Task prompt -
Print out the data precisely as it appears here, with no pictures.

Data extract -
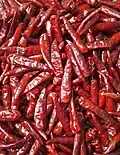 Closeup of Khola chillies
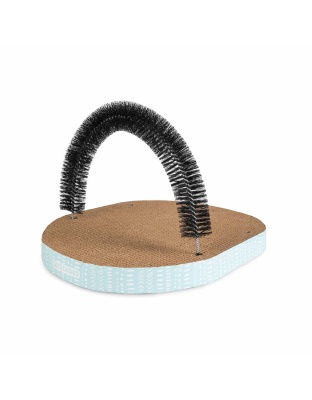 Catstages Scratch & Groom Corrugated Cat Scratch Pad With Catnip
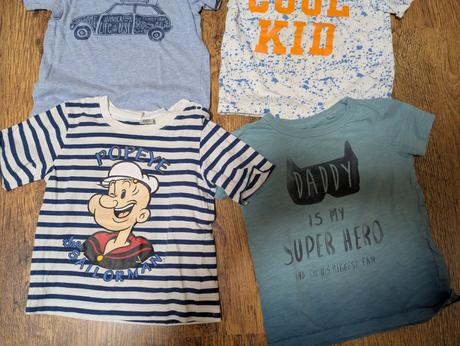 4 x tričko hm next, 80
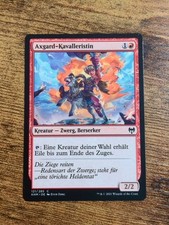 Magic The Gathering Kaldheim Axgard Kavalleristin C 121/285KHM-DE NM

Result of the exercise -
 Closeup of Khola chillies
 Catstages Scratch & Groom Corrugated Cat Scratch Pad With Catnip
 4 x tričko hm next, 80
 Magic The Gathering Kaldheim Axgard Kavalleristin C 121/285KHM-DE NM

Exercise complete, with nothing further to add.